__PROMPT__: The following data has a line with "3 Revolutionary Road" and a line with "Sunset, beach and". Write out exactly those lines and all the lines between them.

__RECORDS FOR THIS EXERCISE__:
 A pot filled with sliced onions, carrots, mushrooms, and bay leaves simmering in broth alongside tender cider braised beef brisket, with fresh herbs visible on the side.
...
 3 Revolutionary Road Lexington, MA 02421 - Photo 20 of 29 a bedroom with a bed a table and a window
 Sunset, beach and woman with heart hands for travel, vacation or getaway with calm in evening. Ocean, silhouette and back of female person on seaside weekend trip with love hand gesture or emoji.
---
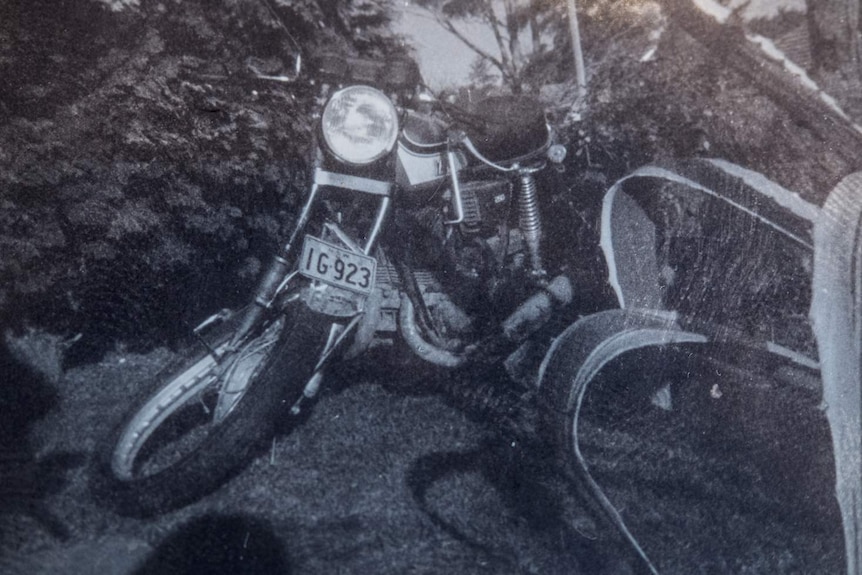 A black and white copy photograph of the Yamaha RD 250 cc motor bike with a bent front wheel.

__WRITTEN RESPONSE__:
 3 Revolutionary Road Lexington, MA 02421 - Photo 20 of 29 a bedroom with a bed a table and a window
 Sunset, beach and woman with heart hands for travel, vacation or getaway with calm in evening. Ocean, silhouette and back of female person on seaside weekend trip with love hand gesture or emoji.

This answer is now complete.